Deep sand bed and gasses

Ollie91

So I got into a debate on a facebook group that deep sand beds are bad because of the gasses they can release. From a bit of research ive found out that the nitrogen gas is harmless it's the rotten egg smell, (hydrogen sulphide) gas which kills off fish? So how do you make a deep sand bed that will consume nitrates and give off nitrogen gas without the Anaerobic gas being released too?


 

agsansoo

The only bacteria that will remove the nitrates is the anerobic bacteria, which only colonizes in the no-o2 or low-o2 areas. So how do you keep the septic tank (deep sand bed) from backing up ...? That's a great question.
1) Sand bed need to be at least 6" deep to promote anerobic bacteria.
2) Don't over feed.
3) Don't disturb the sand.

This is why I use a bare bottom.
 

matsungit

With the exception of neglected tanks I have never heard of any fish harmed by hydrogen sulfide from deep sand beds. Hydrogen sulfide is in gas form and just rises to the surface never to be seen again. Now it's different if for example you have a 5 year old deep sand bed and suddenly performed some thorough vacuuming. Everyone who keeps a deep sand bed knows that it shouldn't be disturbed and for good reason. There's so much unprocessed waste in there that if you disturb it, it will mix with the water and possibly poison your fish. It's like dredging a lake bottom. If you do it too much you may kill the fish population in there. But left undisturbed it's doing its job of filtering the water. This topic has been debated to death for years and up until now it's still a battle of theory and experience. It's your tank and you can do what you want and come up with your own conclusions.
 

junebug

Yeah, the key to a DSB is not to disturb it. Natural disruptions from fish and inverts, in the first inch or so of the sand, is usually fine, but below that you don't want and disruption.

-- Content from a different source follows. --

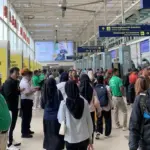 Kisah Pemudik Nataru 2025 di Stasiun Pasar Senen: Rela Ambil Cuti Lebih Awal Demi Hangatnya Keluarga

Hydrogen sulfide is not harmful to the fish unless in MASSIVE quantities, dissolved in the water. What can be an issue is the bacteria that grow in these conditions, some of which are harmful. But, if you're not disturbing the sand, those bacteria won't be able to touch the fish. Not to mention if the fish are healthy, they're less likely to be affected by these bacteria.

In short, DSBs are great. They don't replace water changes, but do help with nitrate control, and when properly managed, will not hurt the fish. I realize this is the saltwater section, but I'll just throw it out there, I've been discussing DSBs at length with another member here and have been researching them pretty heavily, for use in a future freshwater tank (the process is exactly the same, as are the benefits). My 20 gallon long that I'll be using for native fish is going to have a DSB. They work best in low bioload tanks, so this is the best tank for me to try it in.
 

Ollie91

So basically don't disturb it and you're fine? Lol that's pretty much what I said and then a girl came along in the discussion and said she hadn't stirred her sand up for a few weeks and a big bubble of gas came out and wiped her tank out (we're talking freshwater at this point) so if I was to make a sump and leave a dsb alone in there it would be fine? And if any gass did come out it would go to the surface of the water and be released into the air?


 

matsungit

So basically don't disturb it and you're fine? Lol that's pretty much what I said and then a girl came along in the discussion and said she hadn't stirred her sand up for a few weeks and a big bubble of gas came out and wiped her tank out (we're talking freshwater at this point) so if I was to make a sump and leave a dsb alone in there it would be fine? And if any gass did come out it would go to the surface of the water and be released into the air?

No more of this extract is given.